----- EXTRACTED RECORDS -----
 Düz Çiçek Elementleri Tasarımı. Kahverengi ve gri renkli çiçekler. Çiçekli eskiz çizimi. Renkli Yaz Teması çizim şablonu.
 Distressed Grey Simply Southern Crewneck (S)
-----
----- EXTRACTED RECORDS -----
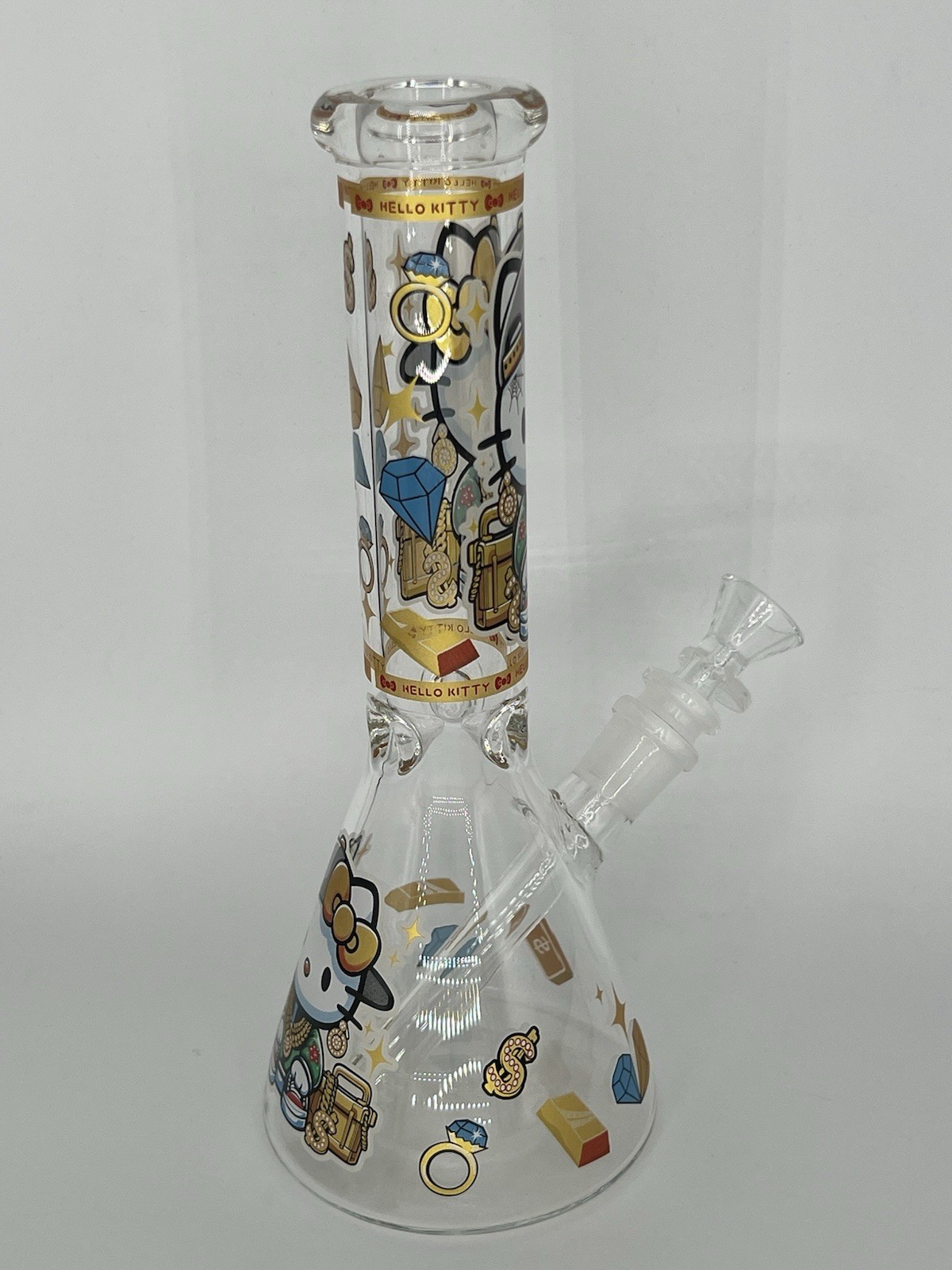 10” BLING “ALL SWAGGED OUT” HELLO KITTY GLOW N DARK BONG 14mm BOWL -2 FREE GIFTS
-----
**ASSIGNMENT**
Would you please write out, exactly and with no other lines, the stretch of the listing above from the line containing "Düz Çiçek Elementleri" through the line containing "Distressed Grey Simply Southern Crewneck (S)"?

**ANSWER FOR THIS EXERCISE**
 Düz Çiçek Elementleri Tasarımı. Kahverengi ve gri renkli çiçekler. Çiçekli eskiz çizimi. Renkli Yaz Teması çizim şablonu.
 Distressed Grey Simply Southern Crewneck (S)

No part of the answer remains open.